To do its job, the “runtime init” stage uses a lot of different system calls, but most of them are not needed later at the “main logic” stage. If we’re using the “allowlist” approach for our sandboxing, it does not make sense to allow these system calls for the whole duration of the program, if they are only used once on program init. This is where the difference between libsandbox.so
and sandboxify
comes from: libsandbox.so
enforces the seccomp rules usually after the “runtime init” stage has already executed, so we don’t have to allow most system calls from that stage. sandboxify
on the other hand enforces the policy before the “runtime init” stage, so we have to allow all the system calls from both stages, which usually results in a bigger allowlist, thus wider attack surface.

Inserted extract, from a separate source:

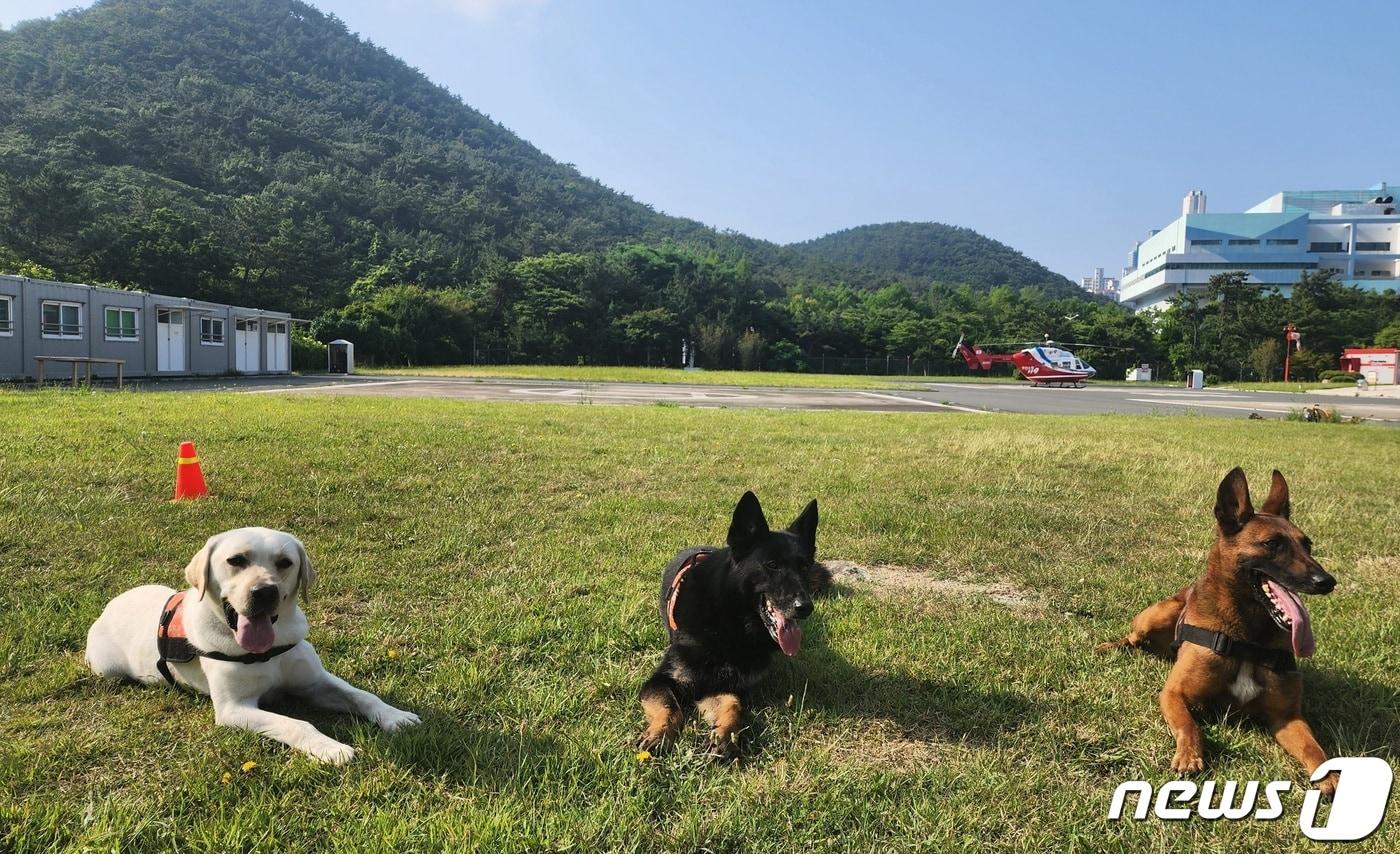 왼쪽부터 나래, 영웅, 충성이의 모습.&#40;부산소방재난본부 제공&#41; 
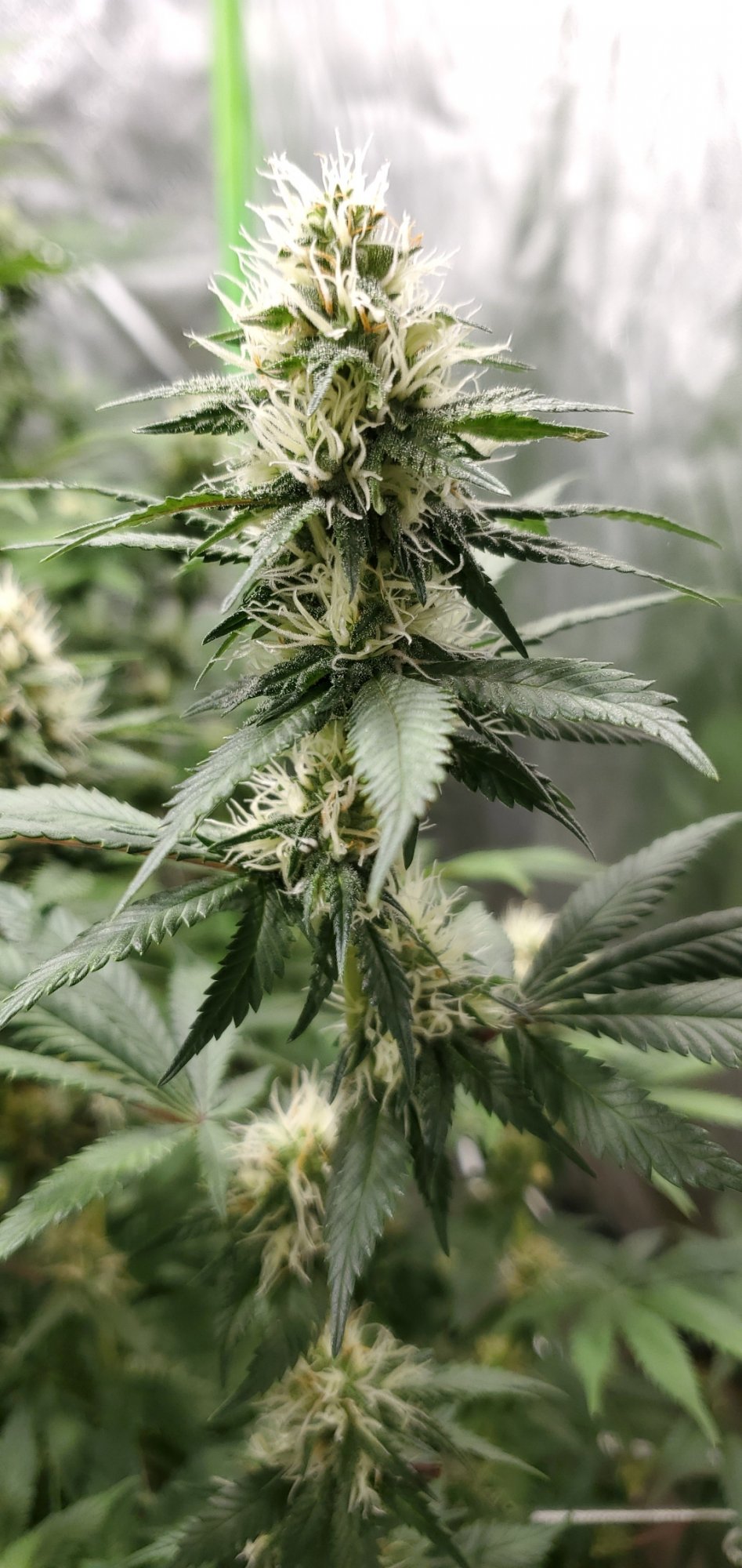 20200729 090950 skywalkerOG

Going back to our toy myos
example, here is the minimal list of all the system calls we need to allow to make the application work under our sandbox:
$ SECCOMP_SYSCALL_ALLOW=access:arch_prctl:brk:close:exit_group:fstat:mmap:mprotect:munmap:openat:read:uname:write sandboxify ./myos
adding access to the process seccomp filter
adding arch_prctl to the process seccomp filter
adding brk to the process seccomp filter
adding close to the process seccomp filter
adding exit_group to the process seccomp filter
adding fstat to the process seccomp filter
adding mmap to the process seccomp filter
adding mprotect to the process seccomp filter
adding munmap to the process seccomp filter
adding openat to the process seccomp filter
adding read to the process seccomp filter
adding uname to the process seccomp filter
adding write to the process seccomp filter
My OS is Linux!
It is 13 syscalls vs 4 syscalls, if we’re using the libsandbox.so
approach!
Conclusions
In this post we discussed how to easily sandbox applications on Linux without the need to write any additional code. We introduced the Cloudflare sandbox toolkit and discussed the different approaches we take at sandboxing dynamically linked applications vs statically linked applications.
Having safer code online helps to build a Better Internet and we would be happy if you find our sandbox toolkit useful. Looking forward to the feedback, improvements and other contributions!